FIG. 1 illustrates a conventional ink jet printing head for a
drop-on-demand type printing system, as disclosed in Japanese
Examined Patent Publication (Kokoku) No. 54-35937. In FIG. 1,
reference numeral 1 designates a substrate, 2 a cover, and 3 a
piezoelectric element. The substrate 1 is made from special
ceramics. The upper surface of the substrate is provided with a
plurality of recess-like nozzles 4 arrayed in a row perpendicular
to the direction of travel of the printing head. Also provided are
a plurality of recess-like pressure chambers 5 which communicate
with the nozzles 4, and a common ink chamber 6 which communicates
the the pressure chambers 5 to supply ink. The cover 2 is mounted
on the upper surface of the substrate 1 and is provided with an ink
filling port 7 for supplying ink into the common ink chamber 6. The
piezoelectric elements 3, each being strip-shaped, are mounted on
the upper surface of the cover 2 at positions corresponding to the
pressure chambers 5. In this construction, the nozzles 4 are
arrayed in a row, as described above.
It is difficult to provide the high density array of nozzles
required for hig quality printing. More specifically, high quality
printing requires that print dots forming a letter be spaced every
0.1 mm, therefore, the nozzles must be spaced every 0.1 mm.

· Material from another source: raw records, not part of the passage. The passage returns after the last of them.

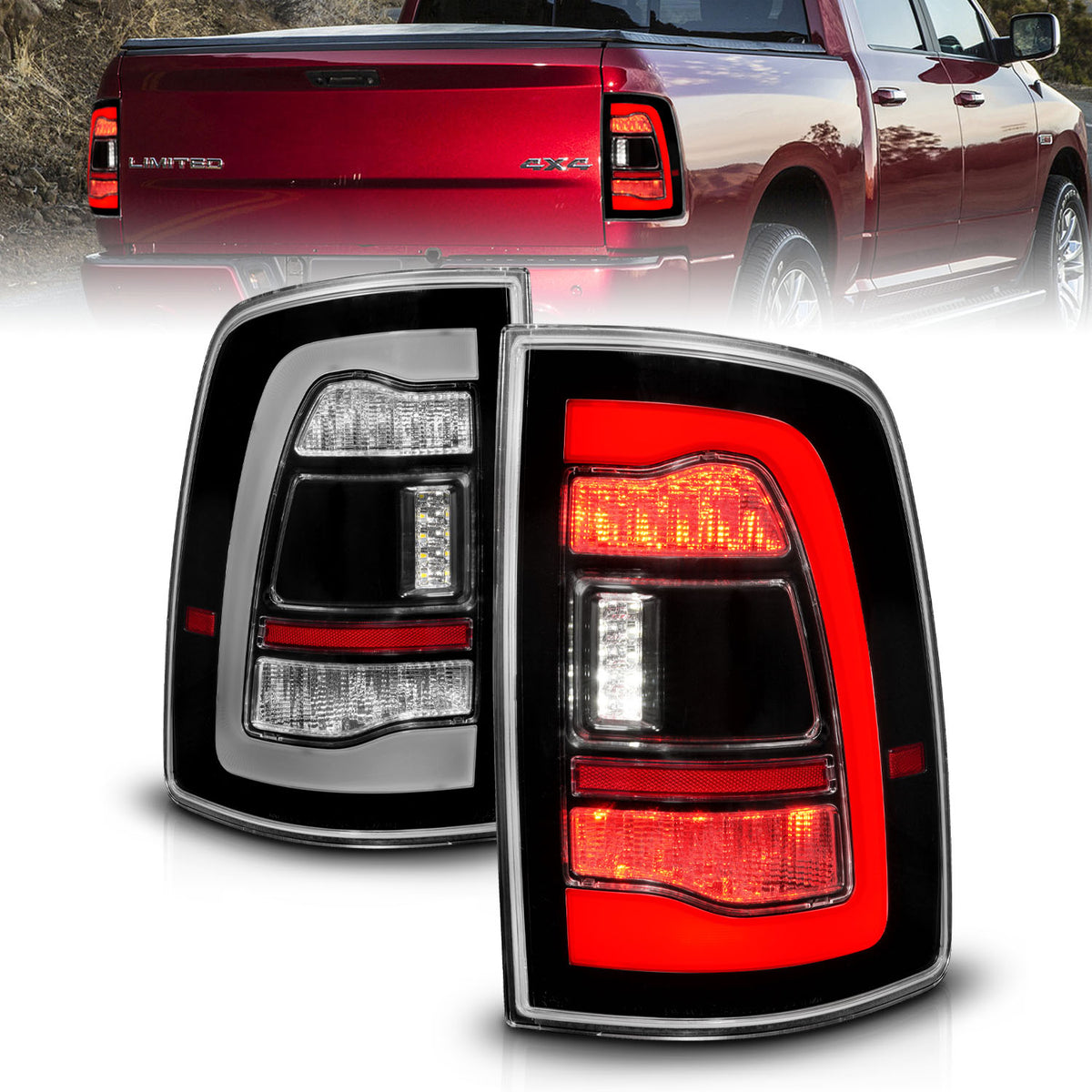 ANZO 09-18 Dodge Ram 1500 Sequential LED Taillights Black - 311469 for 2019-2023 Ram 1500 Classic - front view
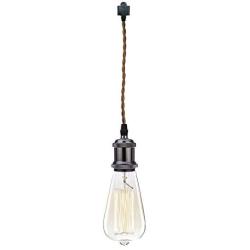 ANYE 1 ft Brown Weave Rope Wire 1-Light H-Type Track Pendant Light Pearl Black Base Light Fixtures Retro Vintage Style Ceiling Light for Loft Corridor Dining Room Bedroom Bulb and Track Not Included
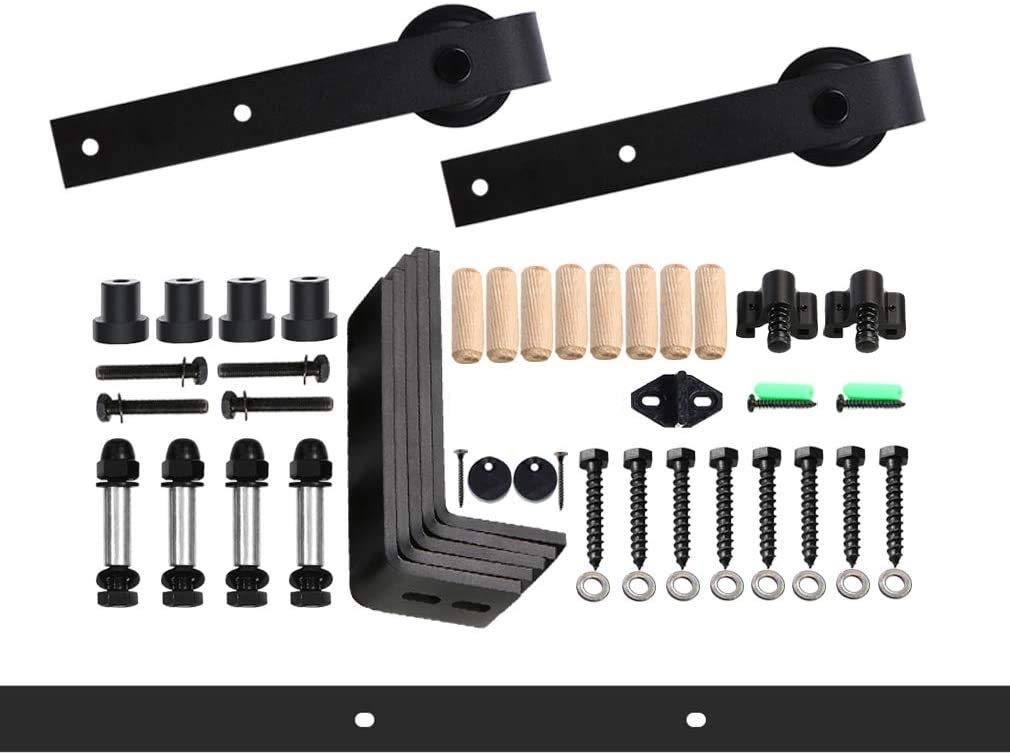6FT/1.8M Ceiling Mount Sliding Barn Door Hardware, L-shaped bracket system, Fits 60cm wide, single door panel.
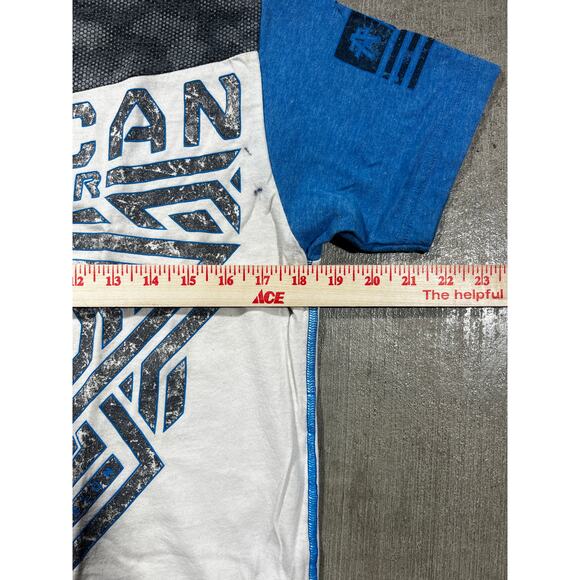 Y2K American Fighter Buckle Exclusive T-Shirt Blue Small - Picture 5 of 6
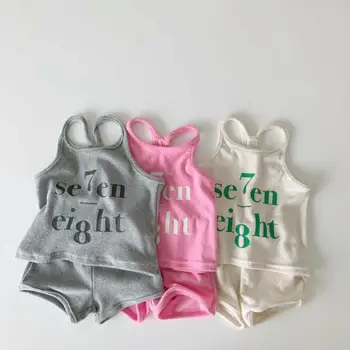 2023 Yaz Yeni Bebek Kolsuz Sling Giyim Seti Çocuk Mektubu Baskı Yelek + Şort 2 adet Takım Elbise Bebek Kız T Shirt Kıyafetler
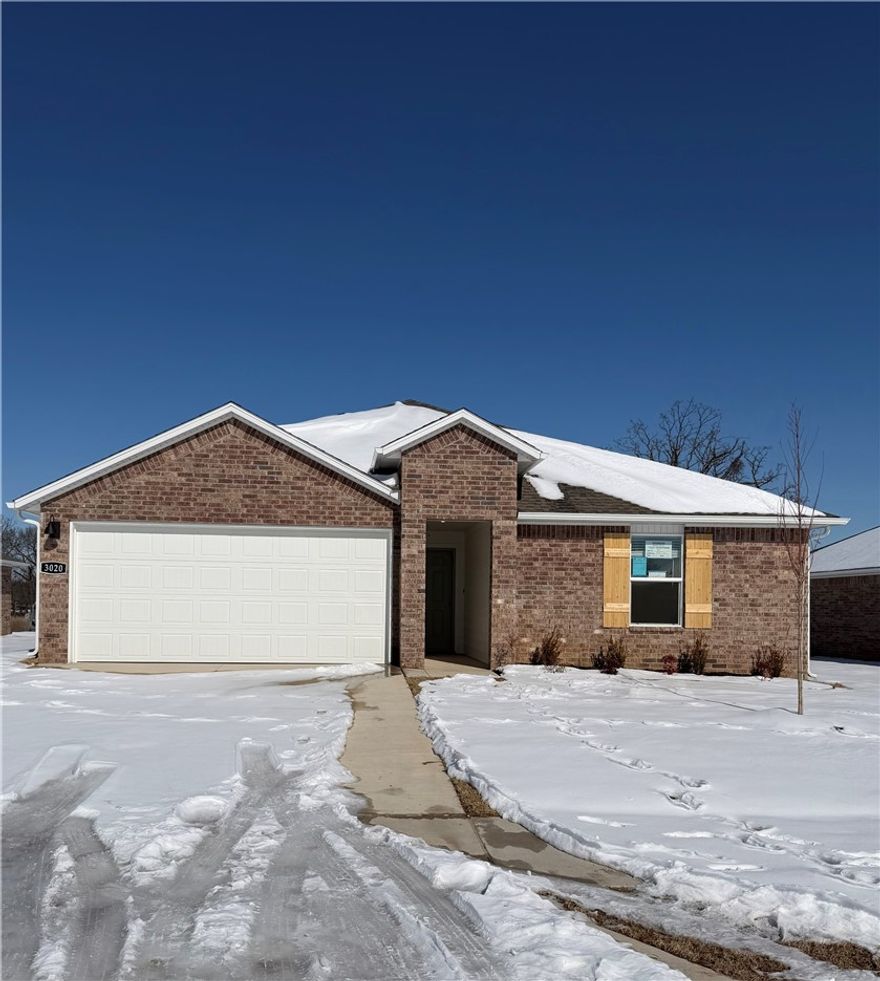 Sold before print! Beautiful Bryant plan in West Wind! Each home in West Wind was meticulously crafted with attention to detail, creating a space that feels both luxurious and welcoming. These homes are complete with granite kitchen countertops, 36-inch cabinets, and stainless-steel appliances! The primary bath features double sinks, and a walk-in shower! The secondary bath will have a tub/shower. Each home features LVP flooring throughout (per plan). These homes offer a covered patio (per plan), garage door opener, landscape package (per plan), and beautiful 4 Sides brick with Hardie® Fascia (per plan). Bentonville Schools! These properties are located in the city limits of Centerton. Gravette Post Office will be handling the mail in this subdivision, and they will have a Gravette zip code.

However, a nozzle is generally 0.05 to 0.08 mm in width. This means
that the sealing portion between the nozzles would have to be very
small, i.e., in the range of 0.02 to 0.05 mm. It is not only
difficult to manufacture such a structure, but it is also difficult
to ensure reliable sealing. Moreover, the pressure chamber 5 must
have a large area, as the displacement of the piezoelectric
elements 3 caused by the application of voltage must be
sufficiently large for the formation of ink drops. Accordingly, as
illustrated in FIG. 2, the pressure chambers 5 and the
piezoelectric elements 3 are in a radial arrangement, and the
pressure chambers 5 are connected to the nozzles 4, arranged with a
spacing of 0.1 mm, via the ink passages 8. As can be seen from FIG.
2, the ink passages 8 converge toward the nozzles 4 and,
accordingly, are formed so that the widths thereof become narrower
approaching the nozzles 4. Due to this construction, the lengths of
the nozzles 4, particularly, the length of the nozzle 4 in the
central region of the array, are large. This results in an increase
in the frictional resistance to the flow of ink in the nozzle and
obstructs the formation of the ink drops, thereby making it
difficult to realize high quality printing.
SUMMARY OF THE INVENTION
The present invention aims to solve the problems mentioned above.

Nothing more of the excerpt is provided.